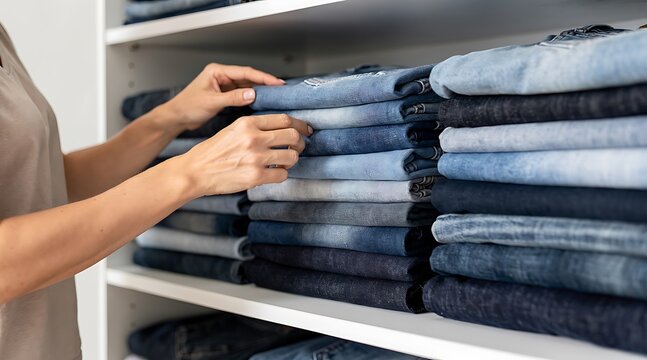 A store employee organizing and folding stacks of denim jeans on shelves.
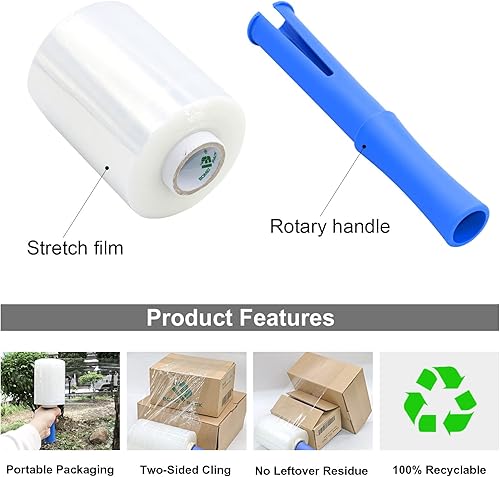 Miniatura 6 de BOMEI PACK Mini película elástica industrial transparente de 5 pulgadas x 1000 pies, paquete de 4 con asa, envoltura de plástico grueso de calibre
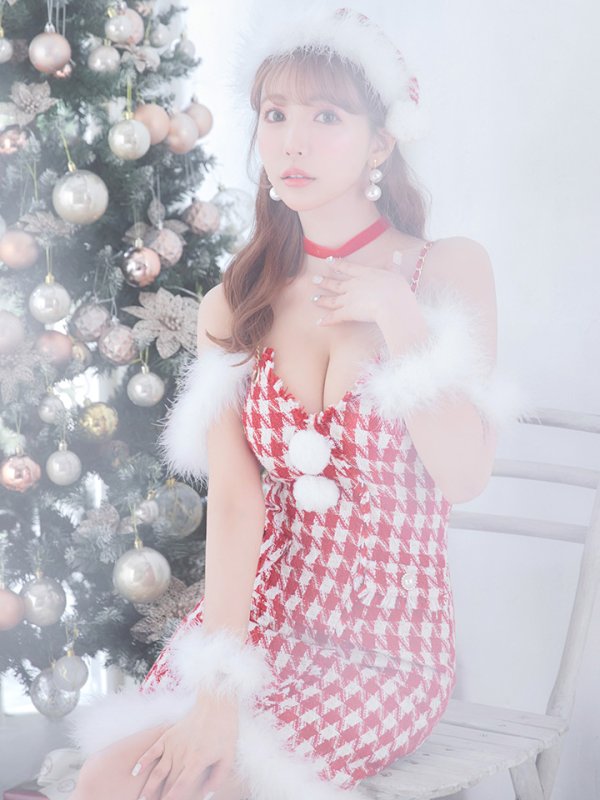 画像6: SALE!【サンタコス5点セット】【S-XLサイズ/1カラー】千鳥柄ツイードキャミドレスサンタコスプレ[OF04] (6)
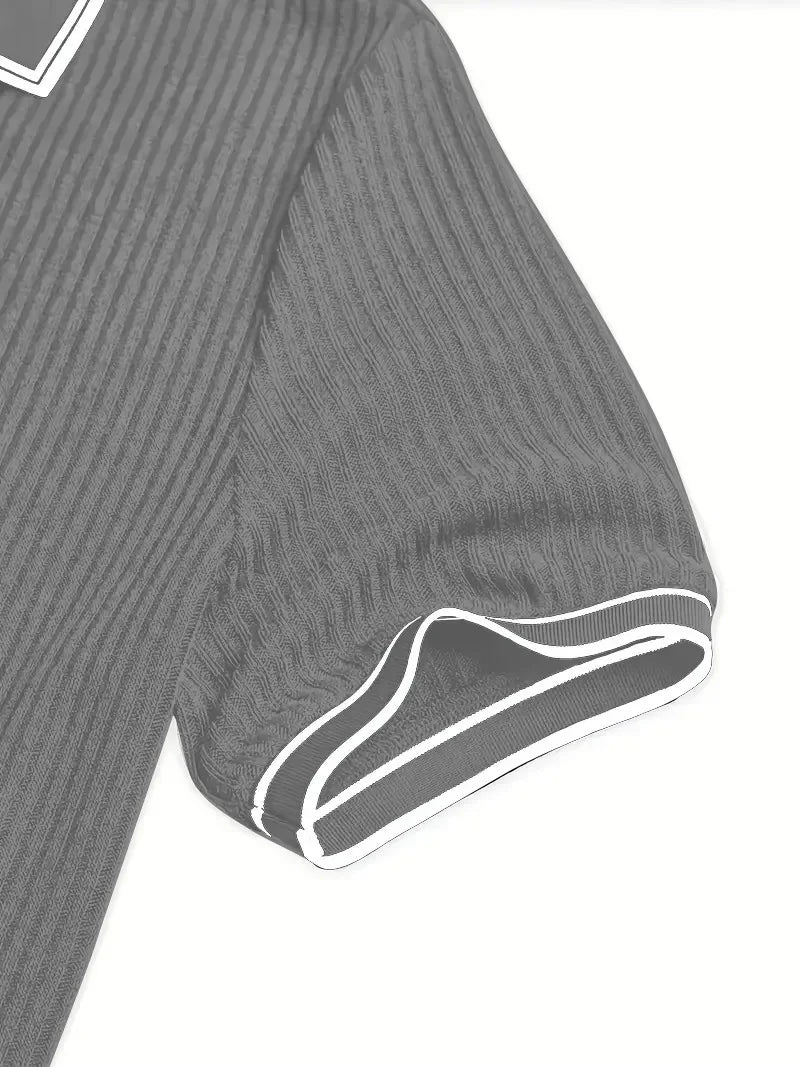 New Men's Polo Short-sleeved Shirt Solid Color For Men Business Casual And Trendy Summer New Men's Short-sleeved Polo Shirt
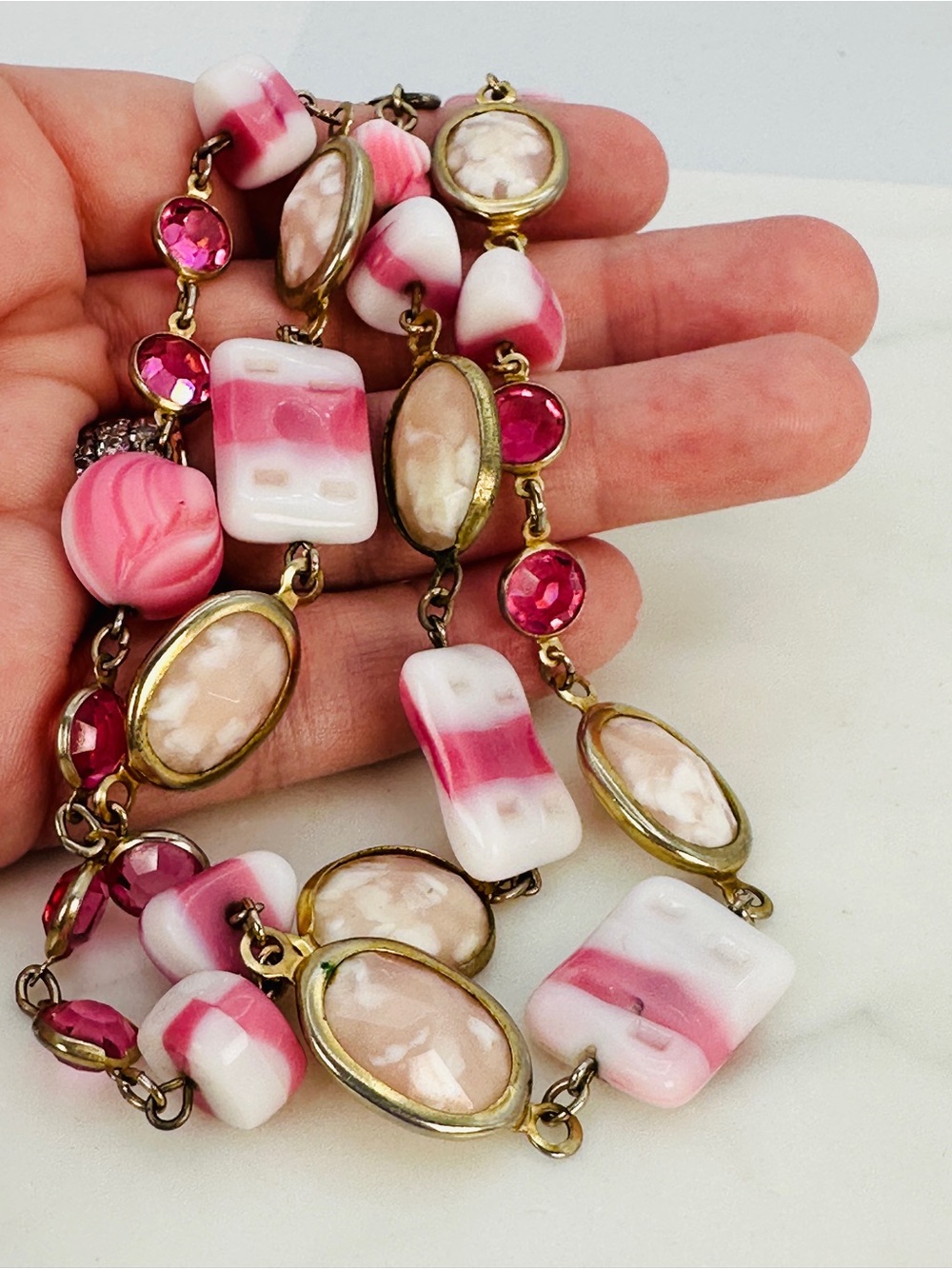 Vintage Pink White Striped Molded Candy Bead Necklace Bezel Faceted Crystal 60s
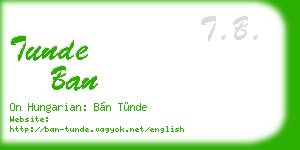 tunde ban business card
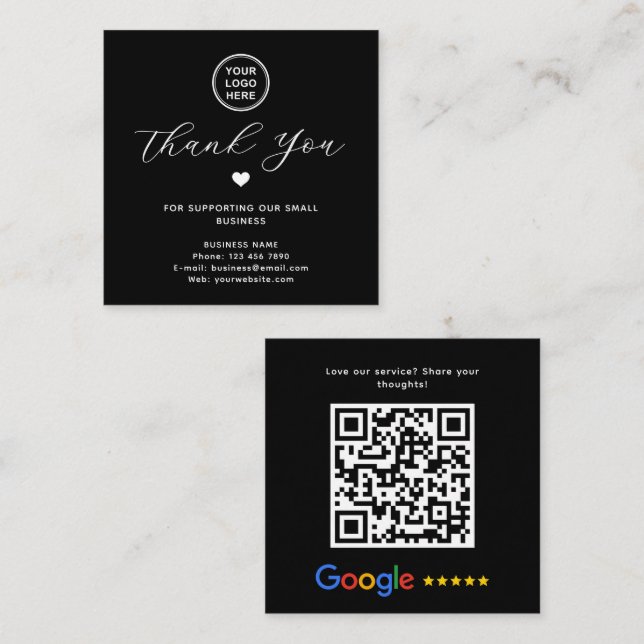 Google Review QR Code Danke Black Modern Quadratische Visitenkarte (Vorne/Hinten)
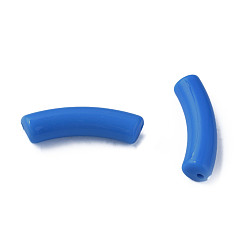 Озёрно--синий Непрозрачные акриловые бусины, изогнутая трубка, Плут синий, 32x10x8 мм, отверстие : 1.8 мм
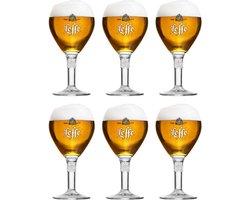 Leffe Bierglazen 330 ml - Set van 6 - Originele kelkglazen voor Abdijbier - Ideaal voor Leffe Blond en Bruin - Vaatwasserbestendig - Transparant glas - Hoogte 195 mm - Bierglazen - Glaswerk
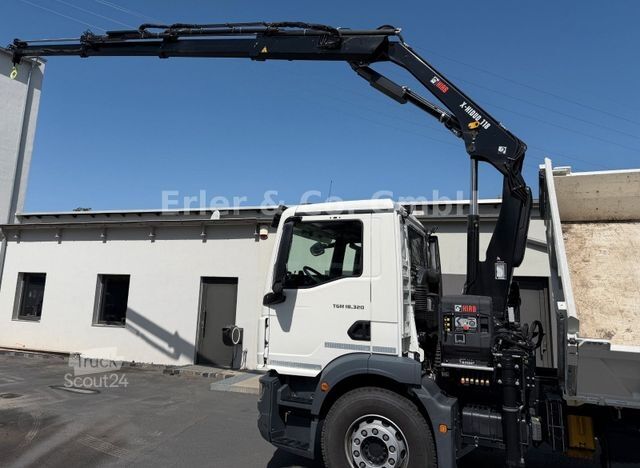 Trójstronna wywrotka MAN 18.320 TGM, HIAB 118, Funk, Greifer, sofort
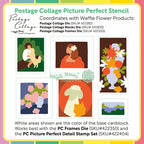Waffle Flower Postage Collage Picture Perfect Stencils 422403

▶ **Aim of the exercise**
Look for the line that contains "Trójstronna wywrotka MAN", then please copy it and the rest of the lines through the end of the data, pictures excluded.

▶ **Task output**
 Trójstronna wywrotka MAN 18.320 TGM, HIAB 118, Funk, Greifer, sofort
Waffle Flower Postage Collage Picture Perfect Stencils 422403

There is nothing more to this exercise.